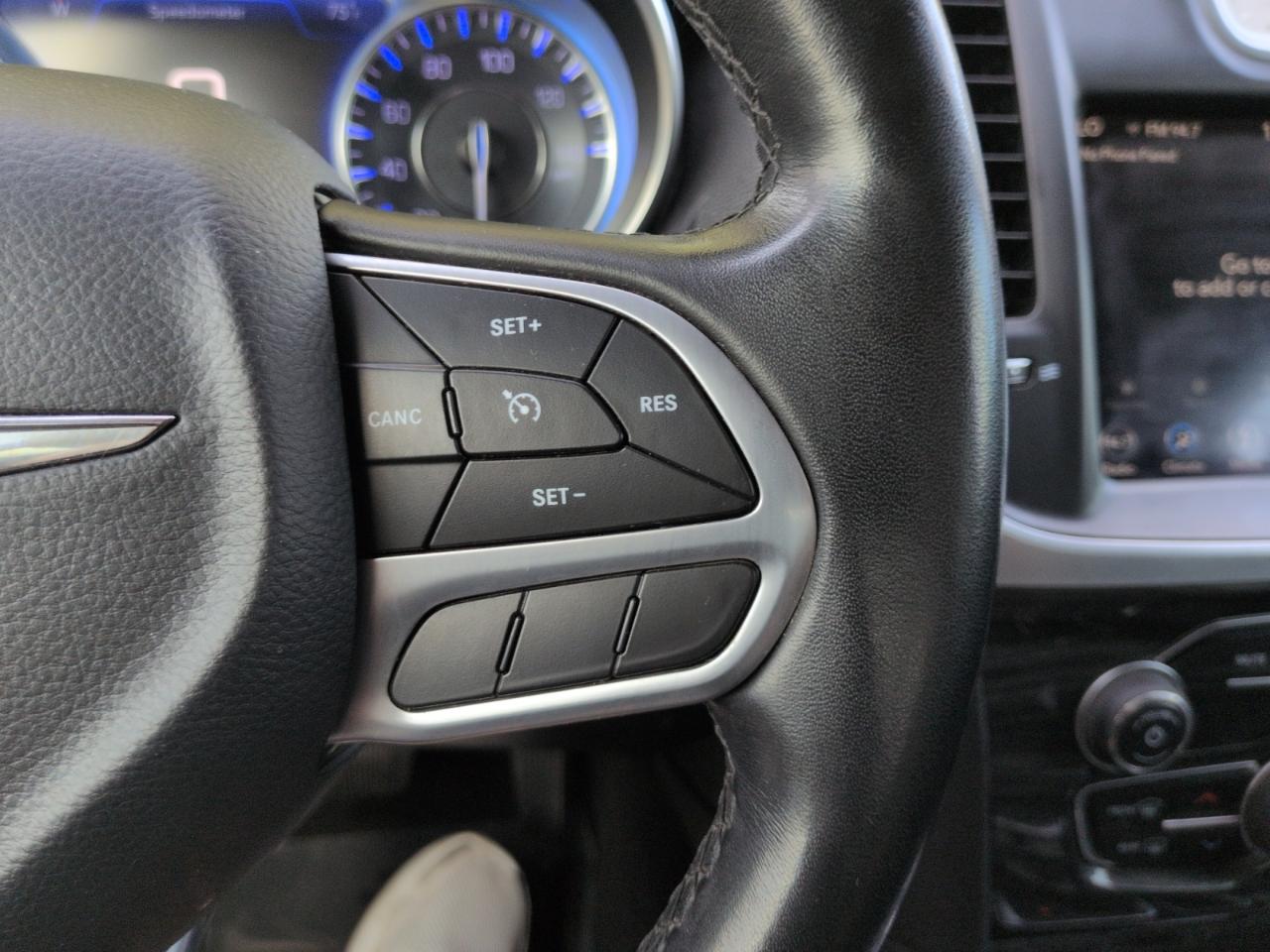 Chrysler 300 Touring RWD 2019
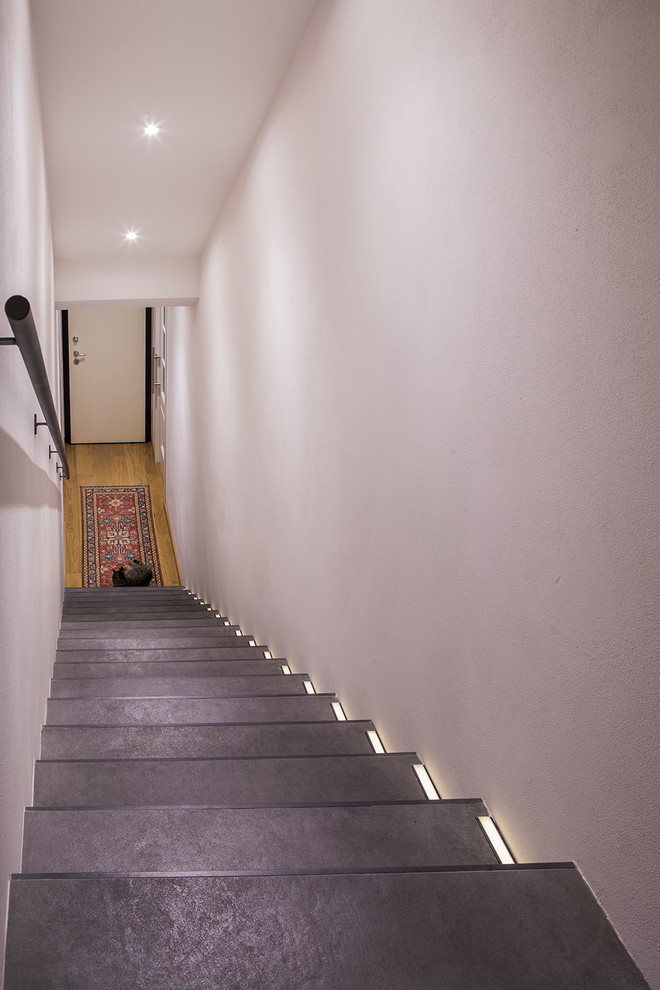 Scala di accesso al piano superiore e luci segnapassi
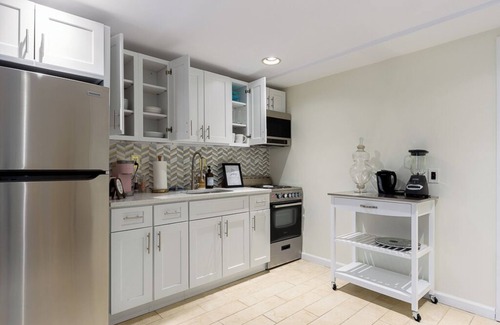 Baldwin Harbor House | Charming 1-bedroom house in Baldwin by the Water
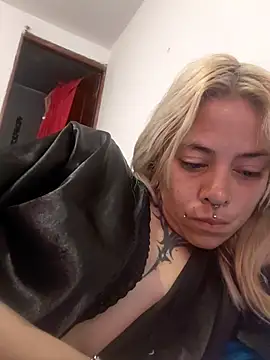 Snapshot of sofigirlgold chatting on 05.24.26 sofigirlgold online show from 05.24.26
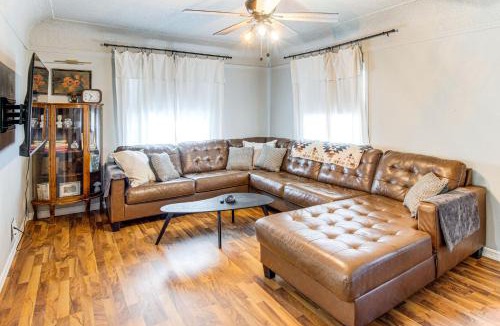 Waterloo House | Updated & Charming! Waterloo Home w/Patio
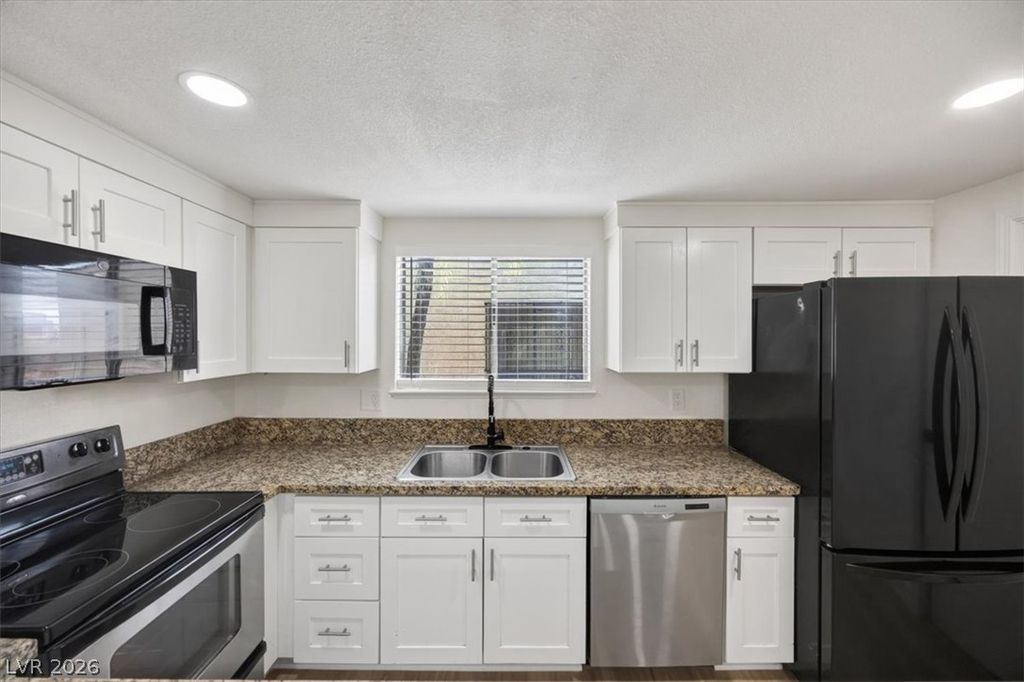 4454 West Desert Inn Road D, Las Vegas, NV 89102 — photo 2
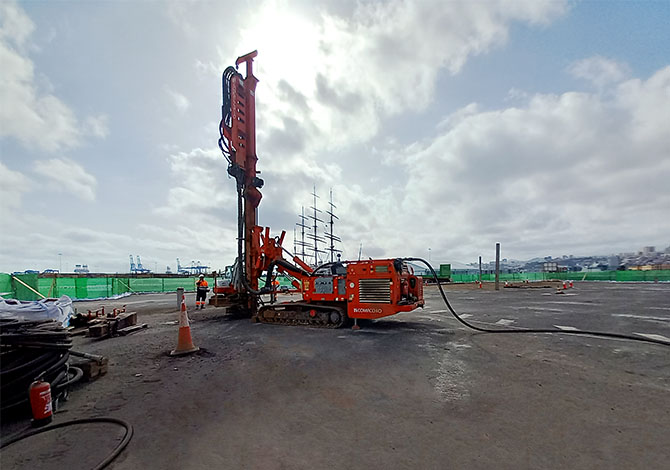 Maquinaria de Rodio Kronsa trabajando en el puerto de Las Palmas de Gran Canaria en el Muelle Santa Catalina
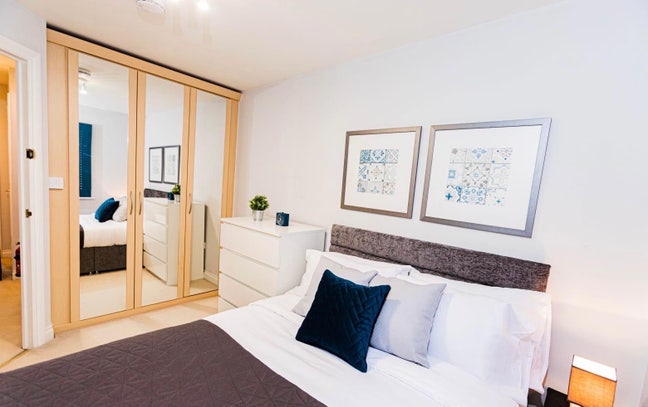 Luxury rooms available  Main Photo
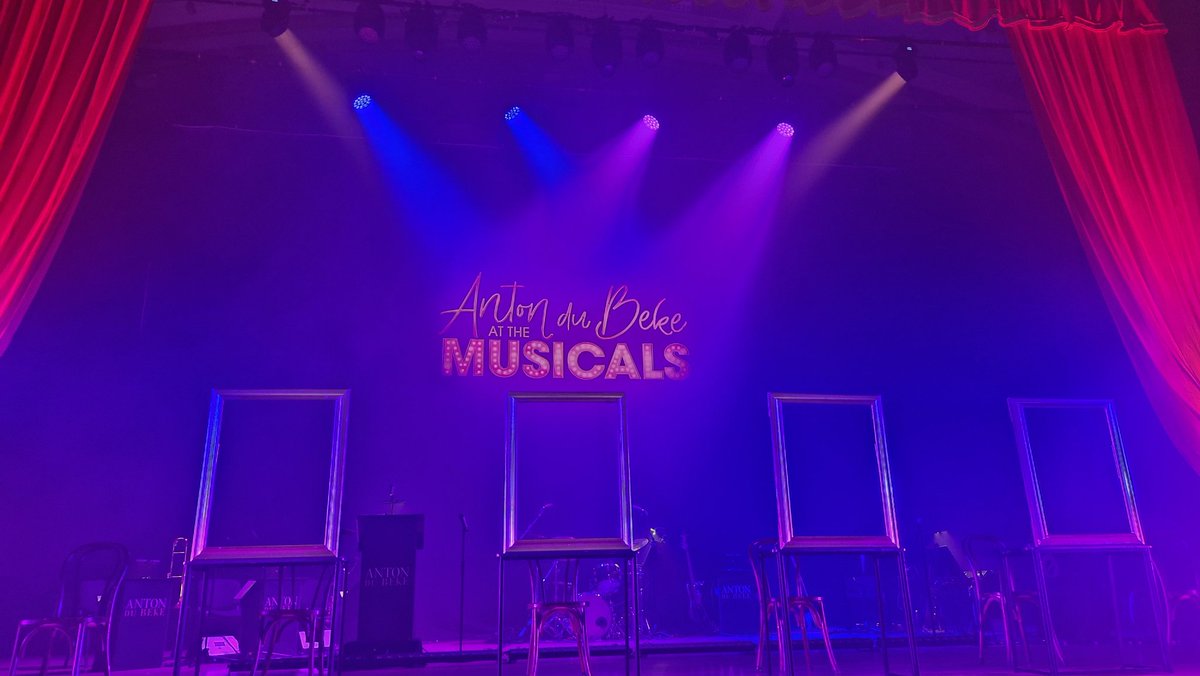 It's the <a href="/TheAntonDuBeke/">Anton Du Beke</a> Musicals show in <a href="/demontforthall/">De Montfort Hall</a> with the imcomparable <a href="/lanceellington/">Lance Ellington</a>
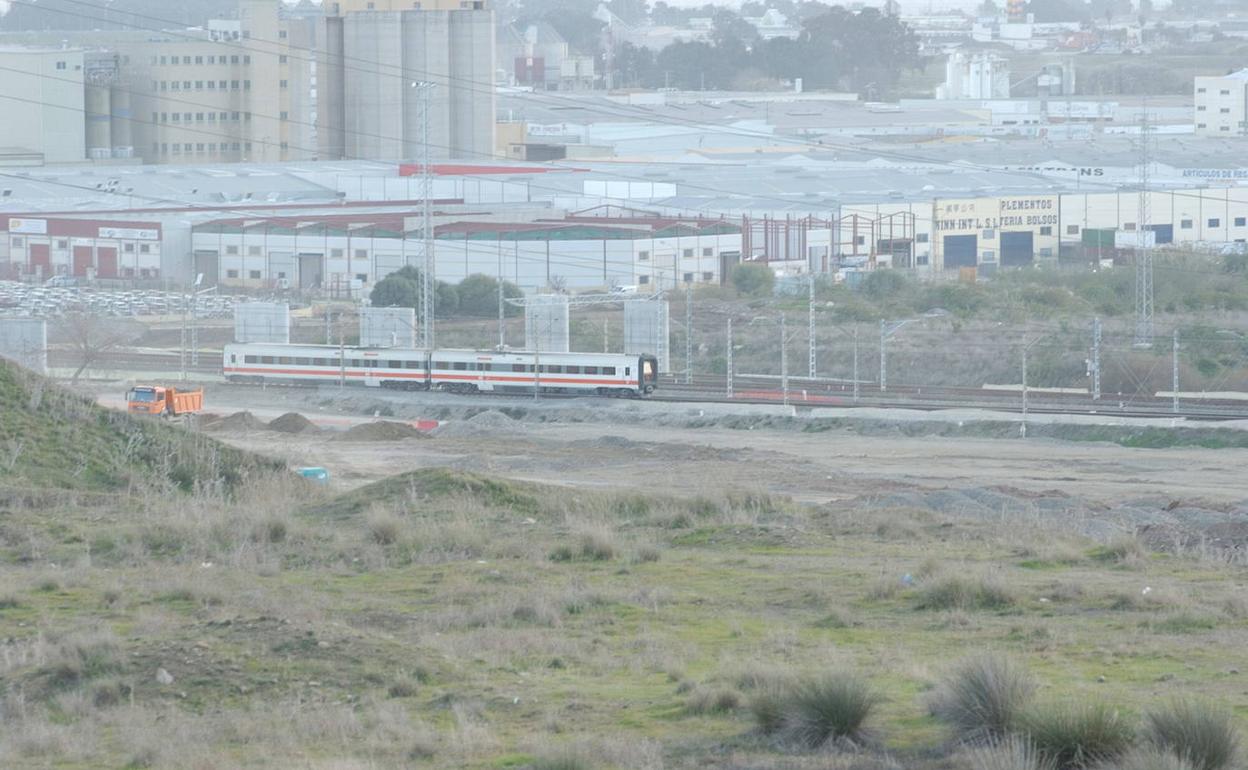 Imagen de archivo de los pilares que se dejaron hechos para salvar las vías ferroviarias. 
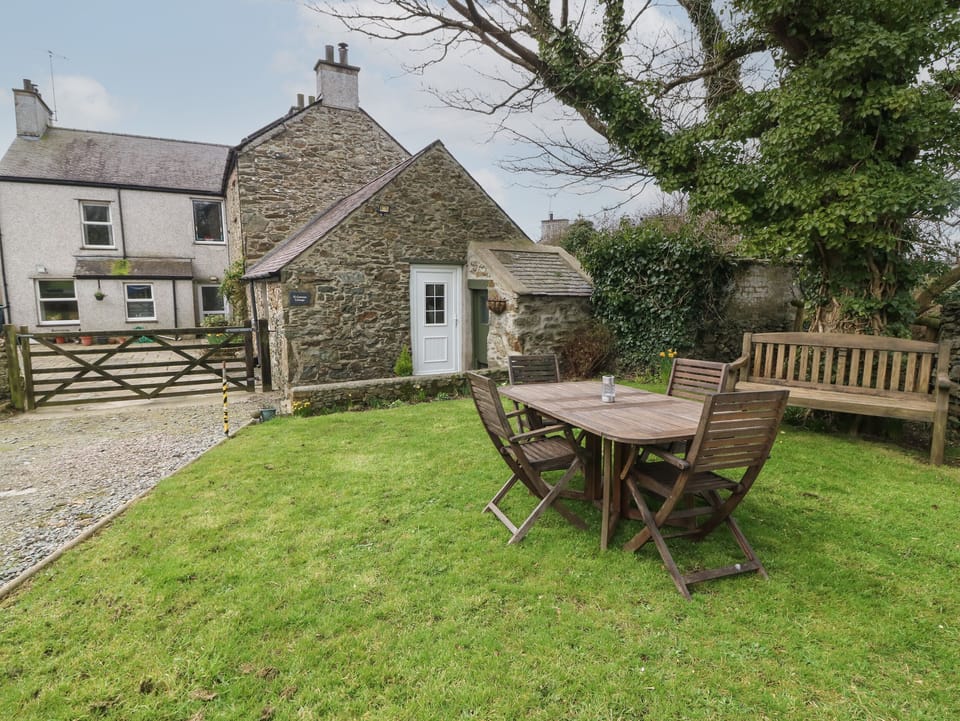 Cottage | Outdoor dining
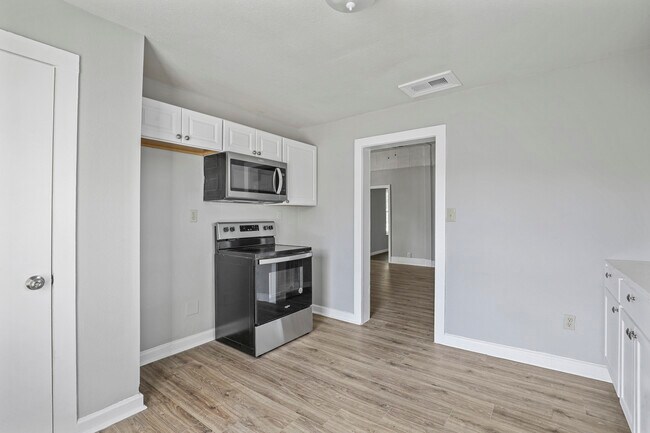 Building Photo - 531 E Morton St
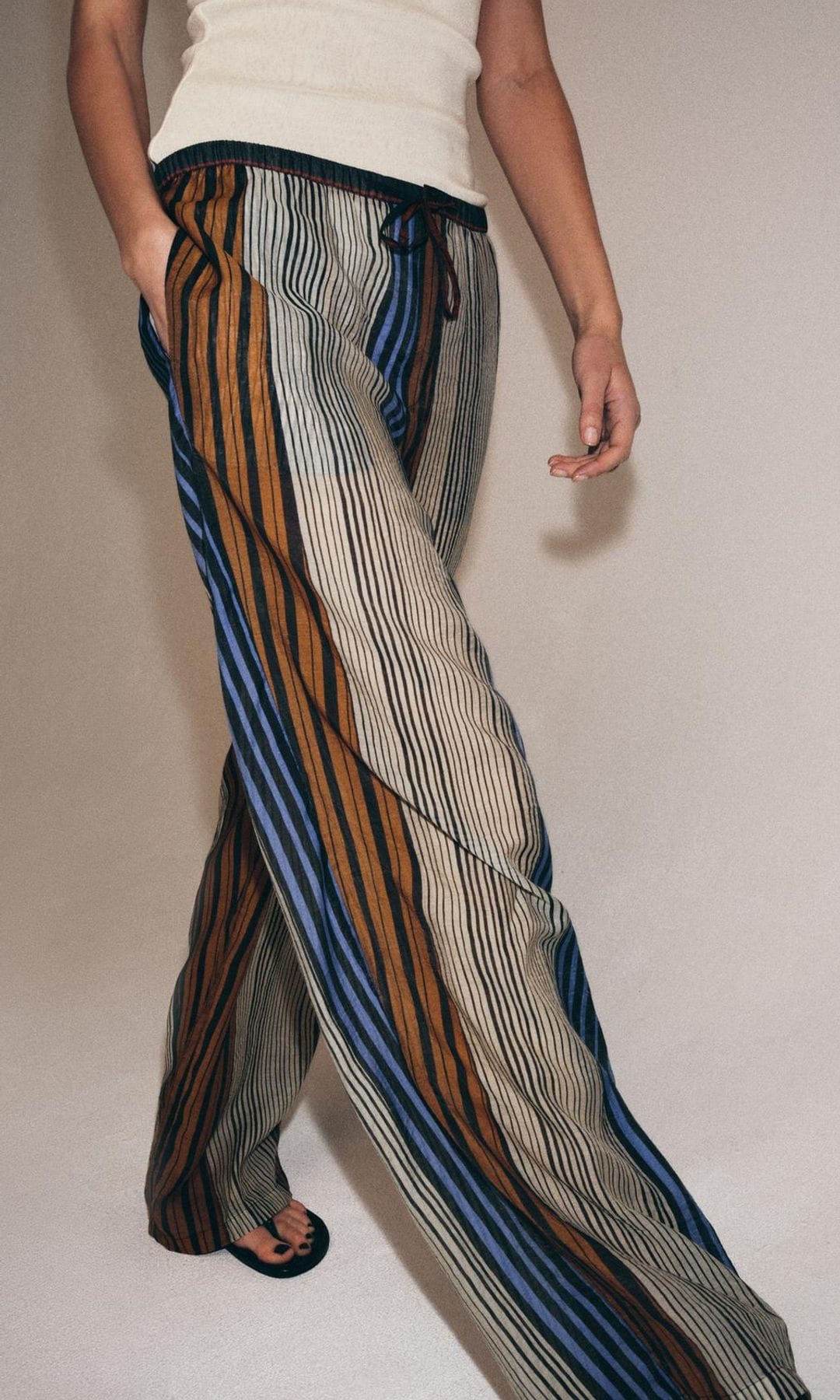 Pantalón de rayas Zara marzo 2026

══════════

- **What the exercise asks**: Nothing but the pictures is to be left out; repeat the data exactly.

- **Response to this task**:
 Chrysler 300 Touring RWD 2019
 Scala di accesso al piano superiore e luci segnapassi
 Baldwin Harbor House | Charming 1-bedroom house in Baldwin by the Water
 Snapshot of sofigirlgold chatting on 05.24.26 sofigirlgold online show from 05.24.26
 Waterloo House | Updated & Charming! Waterloo Home w/Patio
 4454 West Desert Inn Road D, Las Vegas, NV 89102 — photo 2
 Maquinaria de Rodio Kronsa trabajando en el puerto de Las Palmas de Gran Canaria en el Muelle Santa Catalina
 Luxury rooms available  Main Photo
 It's the <a href="/TheAntonDuBeke/">Anton Du Beke</a> Musicals show in <a href="/demontforthall/">De Montfort Hall</a> with the imcomparable <a href="/lanceellington/">Lance Ellington</a>
 Imagen de archivo de los pilares que se dejaron hechos para salvar las vías ferroviarias. 
 Cottage | Outdoor dining
 Building Photo - 531 E Morton St
 Pantalón de rayas Zara marzo 2026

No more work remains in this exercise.